*Exercise objective*. Everything from the line containing "Portrait of middle" through the line containing "a living room" in the listing below should be copied exactly, and nothing more.

*** Opening of Material shown ***

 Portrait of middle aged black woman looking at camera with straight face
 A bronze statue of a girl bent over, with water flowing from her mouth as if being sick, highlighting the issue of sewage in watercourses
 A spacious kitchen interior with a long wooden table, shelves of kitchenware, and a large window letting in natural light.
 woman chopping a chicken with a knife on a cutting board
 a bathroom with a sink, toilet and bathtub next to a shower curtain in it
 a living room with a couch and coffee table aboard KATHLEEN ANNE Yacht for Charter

*** Close of Material shown ***
*** Opening of Material shown ***

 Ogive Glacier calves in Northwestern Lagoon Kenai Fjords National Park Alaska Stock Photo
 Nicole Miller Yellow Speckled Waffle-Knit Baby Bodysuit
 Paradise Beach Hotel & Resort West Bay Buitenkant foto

*** Close of Material shown ***

*Output below*.
 Portrait of middle aged black woman looking at camera with straight face
 A bronze statue of a girl bent over, with water flowing from her mouth as if being sick, highlighting the issue of sewage in watercourses
 A spacious kitchen interior with a long wooden table, shelves of kitchenware, and a large window letting in natural light.
 woman chopping a chicken with a knife on a cutting board
 a bathroom with a sink, toilet and bathtub next to a shower curtain in it
 a living room with a couch and coffee table aboard KATHLEEN ANNE Yacht for Charter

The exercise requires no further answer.